## Required work
Given the listing below, write out exactly the lines starting with the line that has "lot 18216 image: Passenger" and going on through the line that has "长沙檀府 1室0厅1卫 2000.0元/月 长沙檀府", both kept.

## Listed records
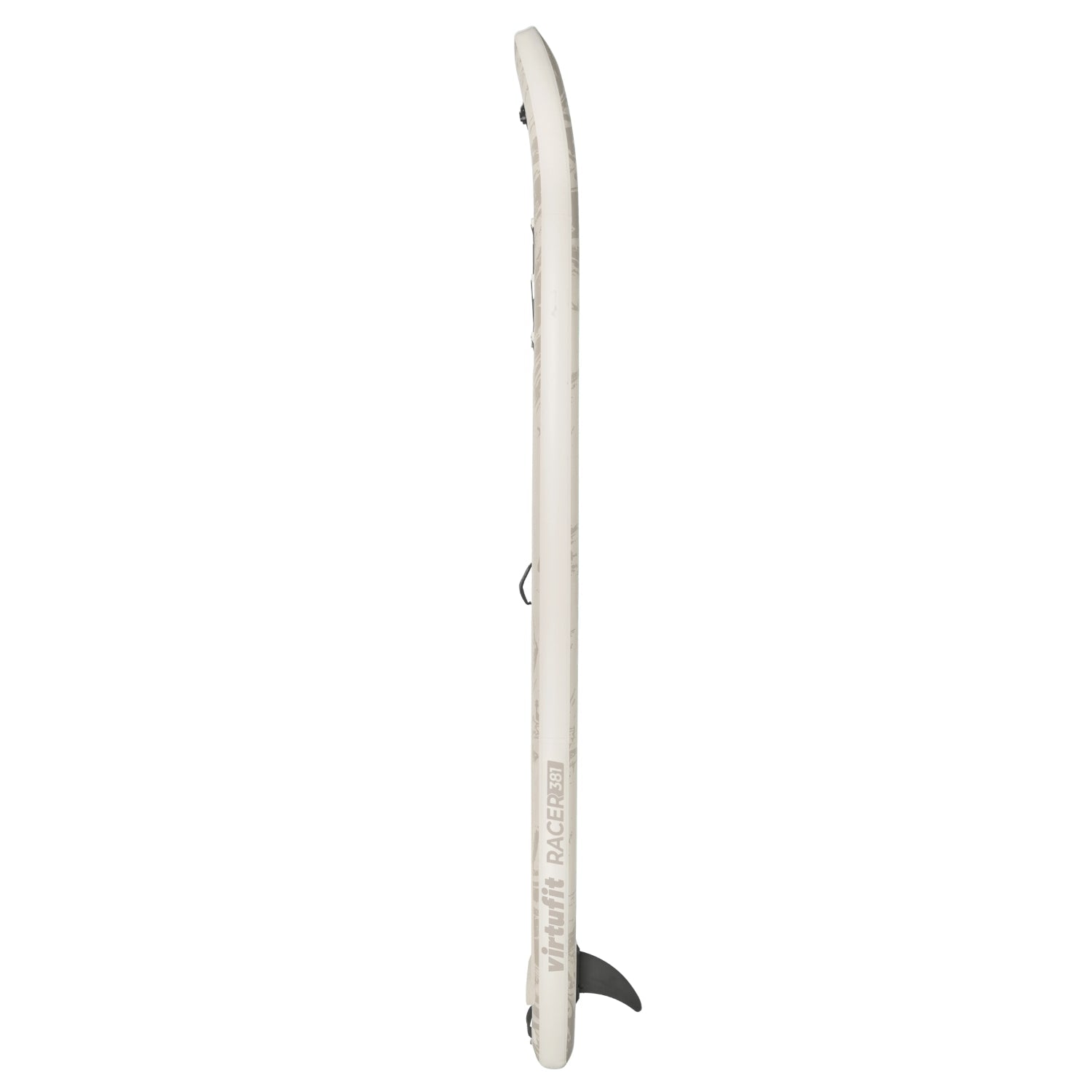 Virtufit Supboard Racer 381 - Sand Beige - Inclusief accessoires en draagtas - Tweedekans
...
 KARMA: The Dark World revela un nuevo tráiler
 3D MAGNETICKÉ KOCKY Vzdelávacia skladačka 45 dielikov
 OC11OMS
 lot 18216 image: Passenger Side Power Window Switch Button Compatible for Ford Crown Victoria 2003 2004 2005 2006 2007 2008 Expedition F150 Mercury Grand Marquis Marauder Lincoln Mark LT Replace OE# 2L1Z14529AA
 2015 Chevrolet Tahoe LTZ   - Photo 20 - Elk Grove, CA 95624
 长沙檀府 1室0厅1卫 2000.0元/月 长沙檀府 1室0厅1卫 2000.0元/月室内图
---
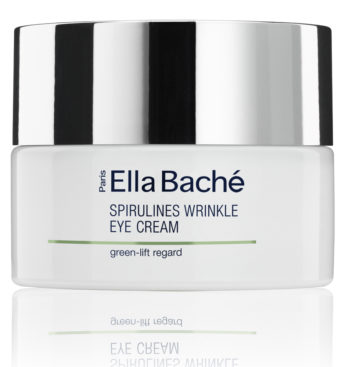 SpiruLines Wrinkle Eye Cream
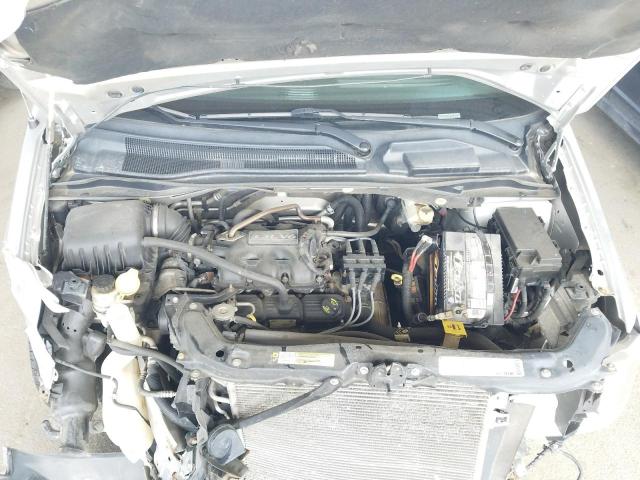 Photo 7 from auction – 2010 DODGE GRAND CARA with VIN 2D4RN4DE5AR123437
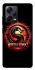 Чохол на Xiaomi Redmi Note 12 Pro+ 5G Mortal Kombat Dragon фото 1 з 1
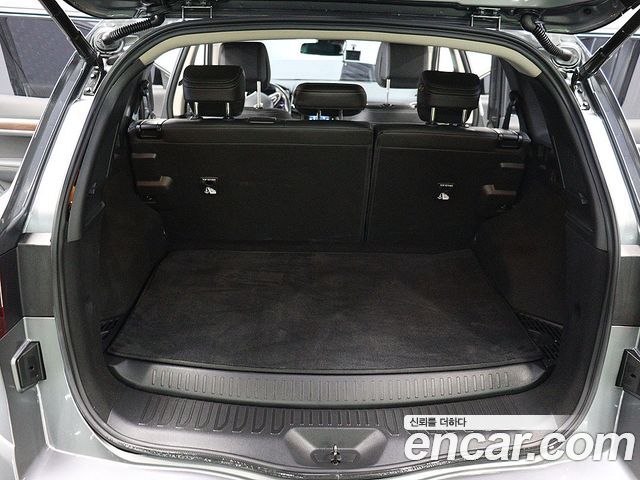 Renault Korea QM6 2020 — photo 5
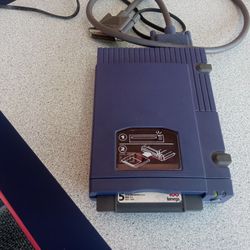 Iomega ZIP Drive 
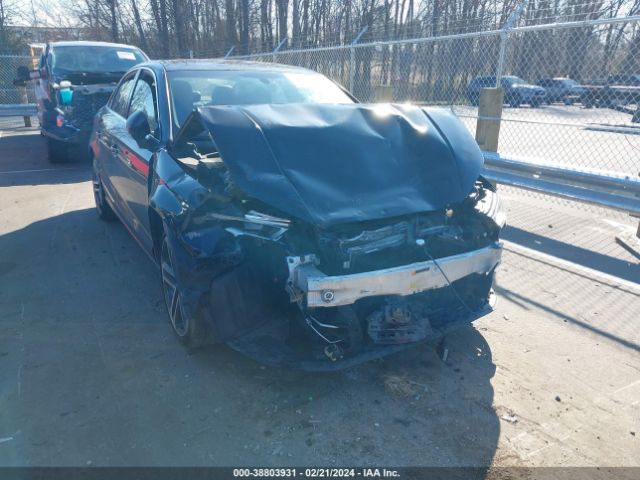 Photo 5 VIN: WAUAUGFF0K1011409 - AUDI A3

## Solution for this exercise
 lot 18216 image: Passenger Side Power Window Switch Button Compatible for Ford Crown Victoria 2003 2004 2005 2006 2007 2008 Expedition F150 Mercury Grand Marquis Marauder Lincoln Mark LT Replace OE# 2L1Z14529AA
 2015 Chevrolet Tahoe LTZ   - Photo 20 - Elk Grove, CA 95624
 长沙檀府 1室0厅1卫 2000.0元/月 长沙檀府 1室0厅1卫 2000.0元/月室内图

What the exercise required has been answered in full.